__What the exercise asks__.
The printed result should hold only the lines from the opening of the data through the line bearing "Hey, what's up", exactly as given and without pictures.

__Dataset content__.
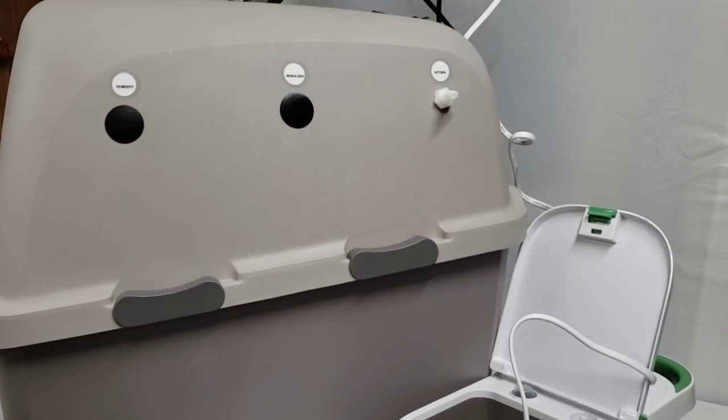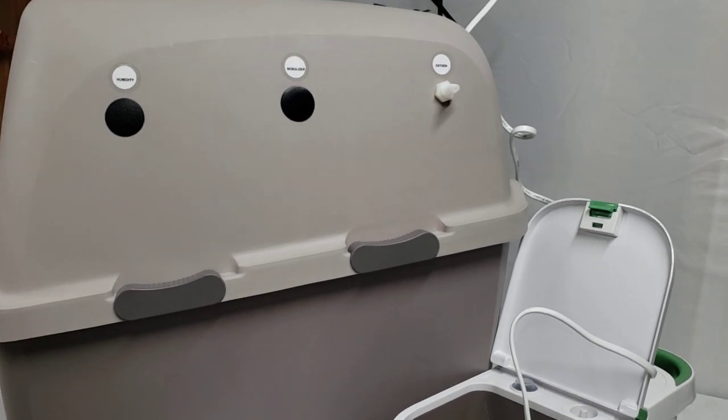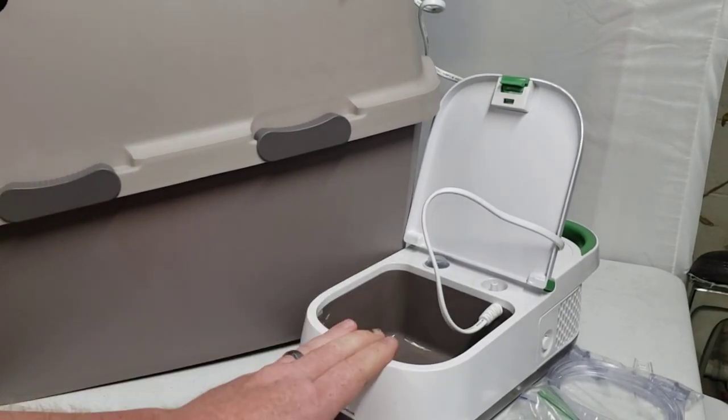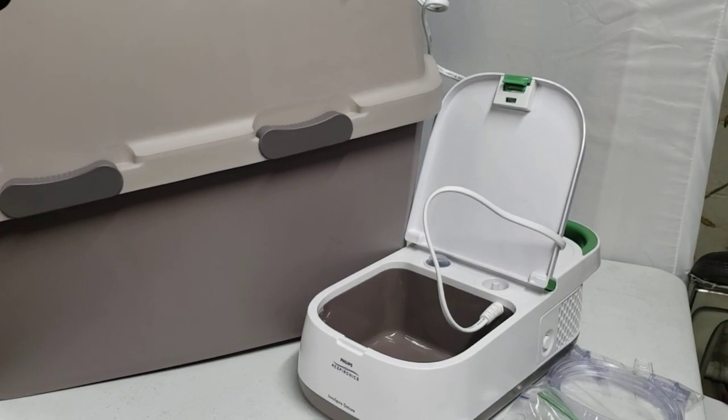Hi, this is Jake with Lifeline Pet Supplies. Today I'm going to cover the Lifeline Pet Supplies Puppy Kitten Pet Incubator ICU. We are going to go over a nebulizer connection for the unit. So if you have a nebulizer yourself or you have purchased one from us, I have the Philips Respironics Inaspire here. I'm going to give you a breakdown of how to hook this unit up.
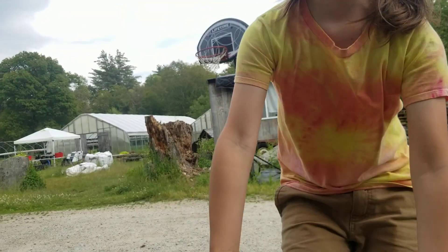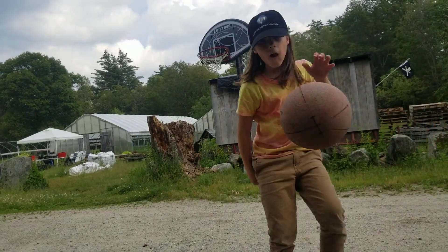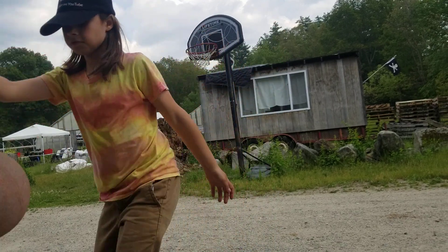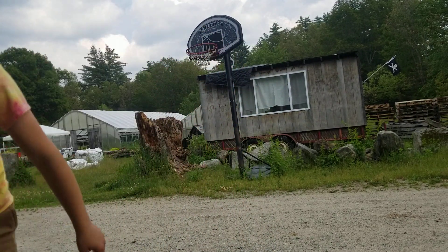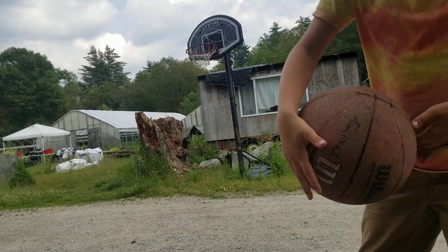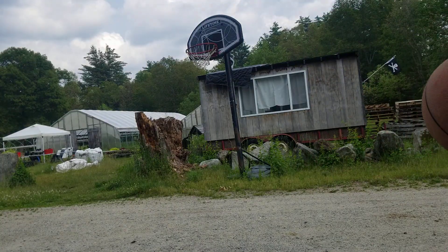Hey, what's up guys, welcome back to another video. Today we're going to be playing basketball again. It took too long to make Blue Shots Part 2 — I never said I would, but I am. Let's do it. I'm going to do it from here.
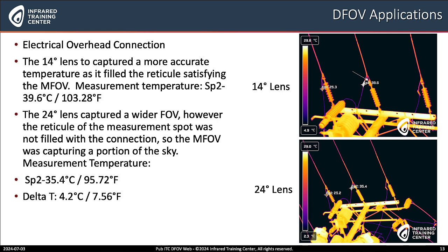Next is with an overhead connection. The DFOV lens really shines here because we're talking about greater distances — to the top of the pole and the top of the component. The upper right image shows the lens captured more accurate temperatures at 39.6°C or 103.28°F. With the 24 degree angle lens, you see a wider field of view and more components to look at, but it's more challenging to measure — with a temperature measurement of 35.4°C or 95.72°F. That's a 4.2°C or 7.56°F temperature difference between the 14 degree and 24 degree wide angle lens.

__Response for this exercise__.
Hi, this is Jake with Lifeline Pet Supplies. Today I'm going to cover the Lifeline Pet Supplies Puppy Kitten Pet Incubator ICU. We are going to go over a nebulizer connection for the unit. So if you have a nebulizer yourself or you have purchased one from us, I have the Philips Respironics Inaspire here. I'm going to give you a breakdown of how to hook this unit up.
Hey, what's up guys, welcome back to another video. Today we're going to be playing basketball again. It took too long to make Blue Shots Part 2 — I never said I would, but I am. Let's do it. I'm going to do it from here.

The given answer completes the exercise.